A spokesperson for Iceland said the company had since improved conditions for suppliers in line with GSCOP.
“We have worked hard to improve our compliance to achieve this, and feel sure that this will be acknowledged by out suppliers,” it said.
Overall, the proportion of suppliers who said they had a problem with breaches of the code fell to 56% from 62% last year.
However, the report said incorrect deductions from invoices remained the top problem, affecting 32% of suppliers, followed by data input errors not being resolved promptly.
GCA Christine Tacon, who can issue fines to retailers if they do not comply with the rules, said she was pleased with the overall progress of UK grocers since her appointment four years ago.
Tacon added that she would be continuing as GCA for a further year after figures from a separate YouGov poll showed she had had a major impact on supplier-supermarket related issues, achieving improvements in fairness for suppliers over the past four years.
“Practices are improving and suppliers are getting a better understanding of how I interpret the code in this area and what they can challenge,” she said.

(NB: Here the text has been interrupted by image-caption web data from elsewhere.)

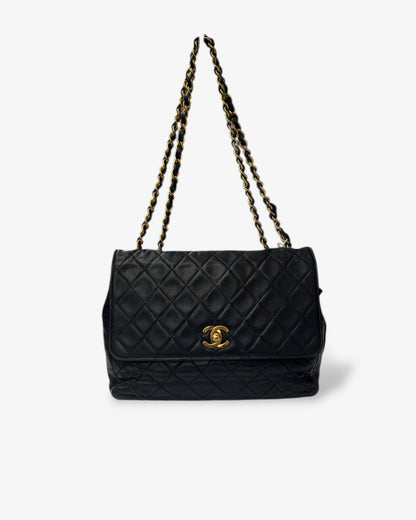 Sac Vintage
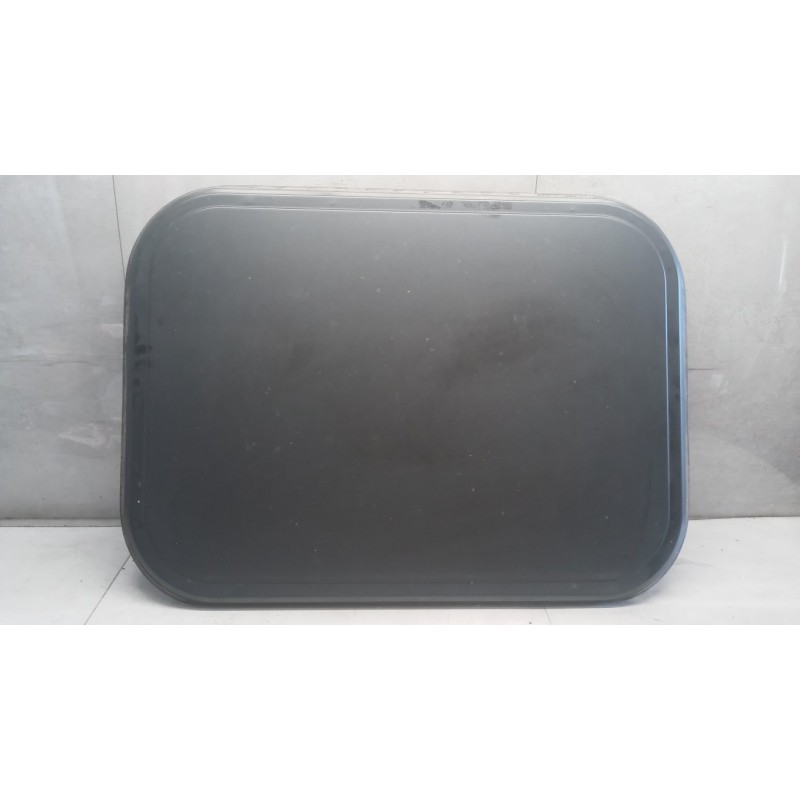 RENAULT truck TETTO APRIBILE RENAULT truck T 2014> usato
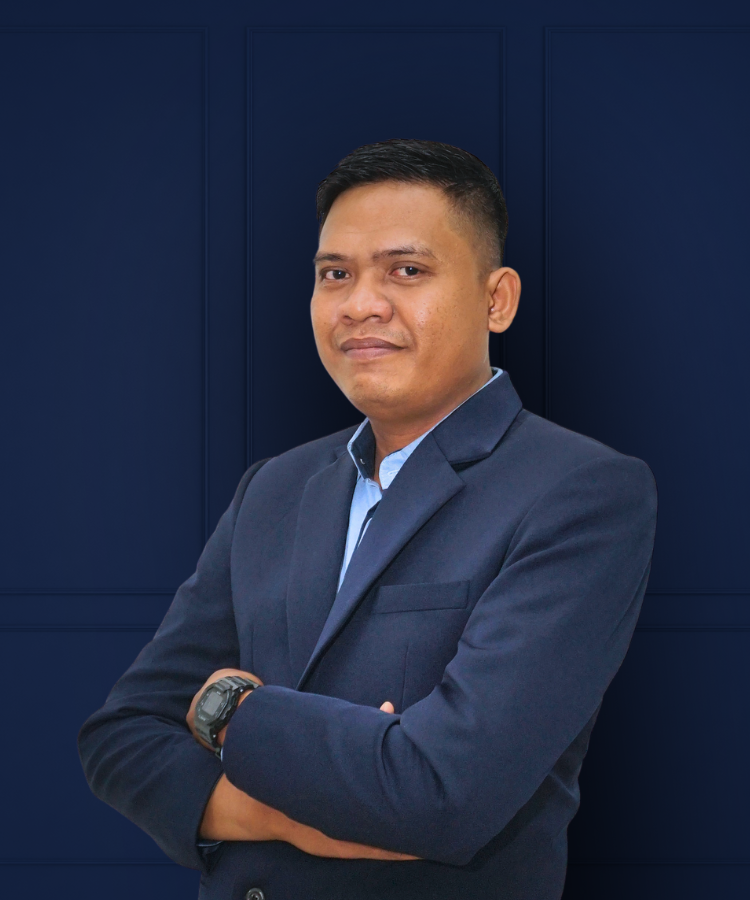 Pak Liva
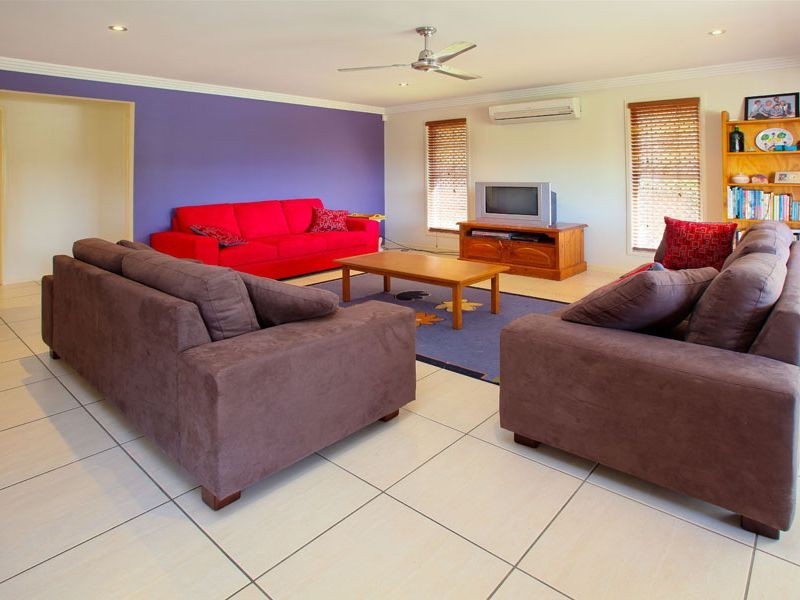 10 Billabong Place, Springfield QLD 4300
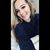 Sarah Thayer's profile image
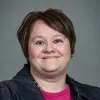 Tresa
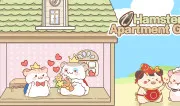Hamster Apartment Game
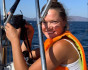 Sailing: Spain Mallorca - Gibraltar, One way trip, Spain, Mediterranean coast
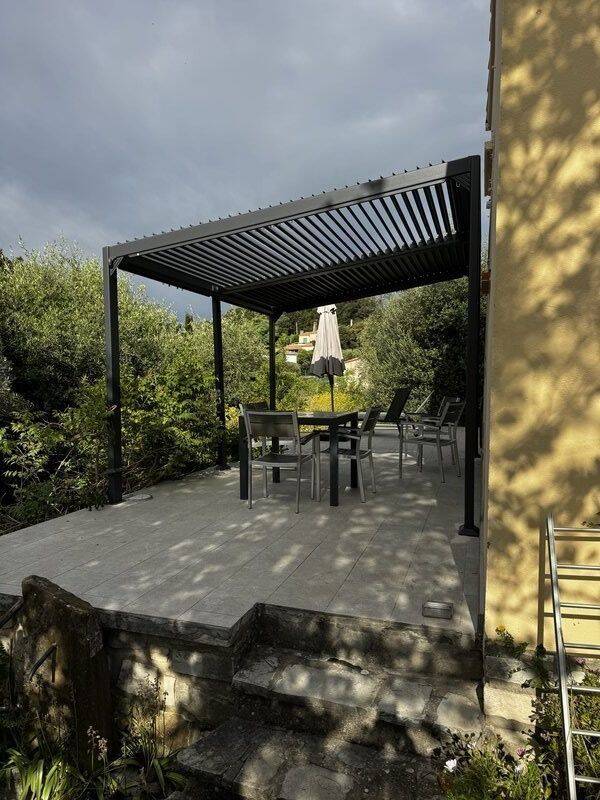 Maison 4 pièces 80 m² · à Ceyreste · 80 m² · 2 100 €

“One of the key areas where delay in payments manifests itself is in incorrect deductions from invoices with or without notice, with 32% of suppliers reporting this an issue in this year’s survey.
“While this is down from 46% in 2014, this shows me that there is still work to be done in this area and I am right to maintain this as one of my top five issues.”
Tacon named her top five issues as delayed payments, forecasting, promotions, payments for better positioning and ‘pay to stay’.